Soghra Ataei
What a petty! All those hard efforts ended to the Black Sunday. August 15, a day which 20 years of struggles and blood of many sacrifices who had lost their lives in trenches and as a result many hopes had shaped based on it, suddenly vanished. It was a day started as any normal day but ended with horror, disappointment and apprehension. I remained in Kabul for 60 days after 15 August. We lived in a environment full of fear and suffocation. I remained awake for many nights while holding the hands of my kids and prayed for the sound of the continuous gun fires may stop for a moment.
And displacement again
I was a refugee on 15 October, two months after the collapse of the Republic. What a tragic circle! And Maybe ridiculous. This time we were also light weight. My little daughter was 3. The same age when I immigrated for the first time. At that time, I thought me and more importantly my children would not experience such days. Displacement, confusion, a dark future, being away from the homeland, friends and relatives, without no income, while your children who have been deprived of education for 8 months, the darkest moments of your life, which you could not imagine them even in the worst scenarios for yourself and your family were the consequences of this tragedy. Your determination shall be stronger than the steel to remain firm so that disappointment and helplessness not to decay your soul. I am not made of Iron.
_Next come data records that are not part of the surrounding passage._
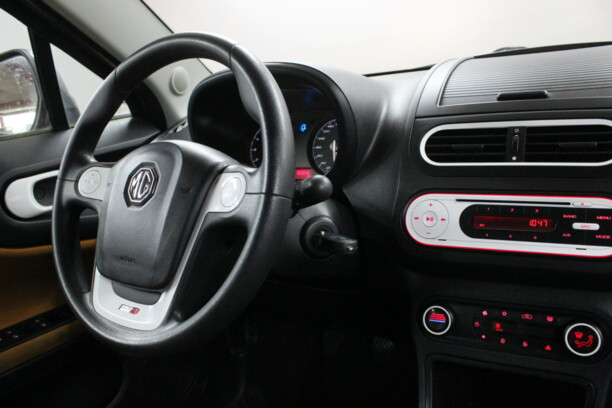 MG 3, 2013 г.
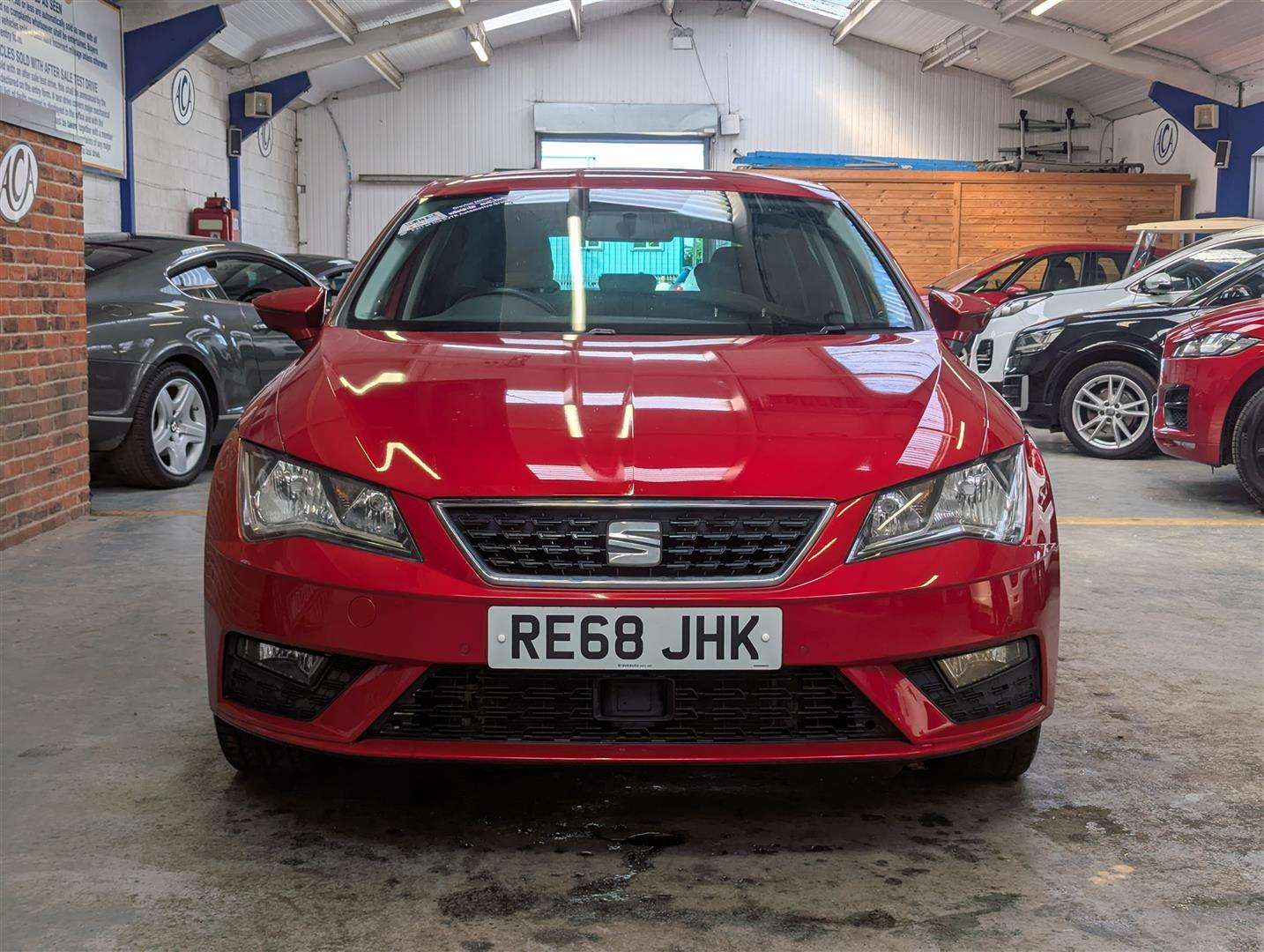 <p>2018 SEAT LEON SE DYNAMIC TSI</p>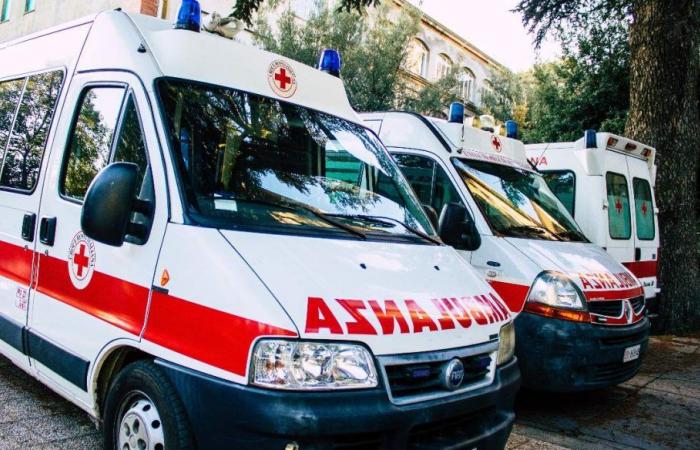 Tres ciclistas atropellados durante una carrera en Belluno, la mujer dice llegar tarde a misa: la denuncia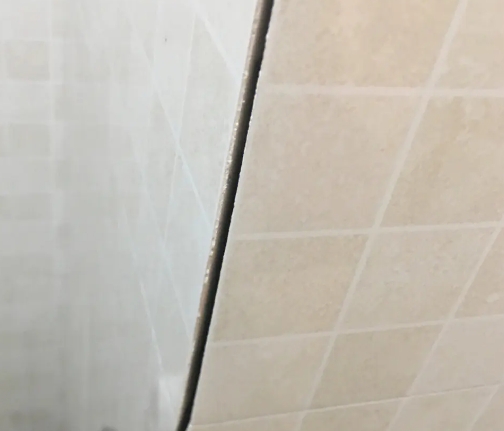 阜新瓷砖空鼓维修公司分享阳台瓷砖脱落的修复过程可以分为以下几个步骤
Our advocacy during the years we were in Afghanistan was not without costs. I was threatened as a women rights activist for several times. However, there was a law, state and judicial structure. They had shortcomings, but were not totally ineffective. As a result, though I had the chance to migrate during the 20 past years, and had travelled repeatedly to the western countries, but I wanted to stay in Afghanistan and it never occurred in my mind to stay abroad. But under a government with absolute horror and lack of any law and legal structures, returning to Afghanistan for people like me is too difficult and in fact it is impossible. But I have not given up. I have been in touch with women rights activists in Afghanistan and cooperated with them, and also I have written about the Taliban oppressions on women and would write in the future as well. Returning to the homeland, where girls are barred from education, for a mother of two girls, means burying their talent and fate.
Last but not the least
Millions of people have been displaced after the Republic collapse in Afghanistan. Many are living in the West and stay there. These people include cart men, journalists, civil and human rights activists, artists, athletes, MPs, ministers, and so on. I would like to mention 2 points here. First, there was no sound and defendable logic for the selection of the refugees. As a rule, there should be those prioritized who were at more risk, and living under the Taliban was not possible for them. But in action, it was not so. Many of those whose lives were really in danger either are in Afghanistan, living secretly accompanied by fear and stress, or they are in the neighboring countries setting behind the UN High Commissioner for Refugees. I am confused today although I had served in the highest positions and fought for realizing women’s rights. And there are many other people like me having the same fate. Second, it, unfortunately, looks as if the West applies dual standards in terms of refugees. Afghanistan and its refugees have been totally forgotten due to issues such as the Ukraine war. It may be justifiable based on the political concerns, but surely it is not a human act. The world shall not forget us and what ensures it, is the moral conscious of western societies. I, aside of those who are involved in shaping the public perception of the west, would like to urge them not to allow this moral conscious asleep due to political concerns.